Second, what is an "unsavory type" or "unsavory character"?--Without getting into the Spitzer scandal, the implications seem to include disagreeable, morally offensive, and suspected of criminal behavior. "Unsavory" can also mean tasteless or insipid.

But, third, what is "savory"?--I thought it was an herb, but it is actually two different Old World herbs called "summer savory" and "winter savory" whose leaves are used as seasoning. My 1976 Joy of Cooking explains:

The leaves of winter savory are used in stews, stuffings and meat loaves. Sauteria montana, a rather resinous perennial evergreen sub-shrub, grows to 18 inches and tolerates lean soil. Summer savory is a much more delicately flavored herb and has many more uses. It is classic in green beans and green bean salad; in horseradish sauce and lentil soup; and even in deviled eggs. It is also used with fat fish, roast pork, potatoes; tomatoes and French dressing. Sauteria hortensis, which grows to 18 inches, needs light, well-composted soil.

I'd never heard of herbs until Simon and Garfunkel sang "Scarborough Fair" in 1966...
Are you going to Scarborough Fair?
Parsley, sage, rosemary, and thyme
Remember me to one who lives there
She once was a true love of mine

To further complicate the issue, "savories" are a course served in English dinners before the fruit or after the sweet, "to cut the sugar taste before the port is served". Some of them are fishy. The whole situation is getting fishy, if you ask me! Some savories suggested in Joy of Cooking are oysters or chicken livers wrapped in bacon, sardine crepes, tomato tarts, curried seafood tarts, and toasted cheese rolls. I might be inclined to fake a nosebleed during this course, and return just in time for the port!
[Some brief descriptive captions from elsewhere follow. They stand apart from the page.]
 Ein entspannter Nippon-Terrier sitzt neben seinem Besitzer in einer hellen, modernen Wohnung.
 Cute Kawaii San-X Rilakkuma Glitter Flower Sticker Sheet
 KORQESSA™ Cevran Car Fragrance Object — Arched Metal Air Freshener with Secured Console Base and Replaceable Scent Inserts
Fourth, what's the origin of the term "hobo"?--To me, the term conjures a boxcar hopper who uses a secret code to mark the houses of kind women who will offer food.

I grew up still close enough to the Great Depression to know at an early age that running away from home required tying my belongings in a bandana and hanging that bundle on a stick carried over my shoulder. That bundle on a stick is known as a bindle. This meant that if you couldn't tie, you couldn't run away from home. If you couldn't fit what you wanted to take along in a bandana, you couldn't run away from home. If your mom didn't let you play with sticks, you were probably never going to get a breakout opportunity, and you probably still live with your mom. Also, if you wanted to run away from home, you had to smear your cheeks with Crisco and slap on coffee grounds, which is a fairly significant deterrent to riding the rails.

These theories of the origin of the word "hobo" come from Wikipedia:

The origin of the term is not confirmed, though there is a plethora of popular theories. Author Todd DePastino has suggested that it may come from the term hoe-boy meaning "farmhand", or a greeting such as Ho, boy!.[2] Bill Bryson suggests in Made in America that it could either come from the railroad greeting, "Ho, beau!" or a syllabic abbreviation of "homeward bound". Others have said that the term comes from the Manhattan intersection of Houston and Bowery, where itinerant people once used to congregate.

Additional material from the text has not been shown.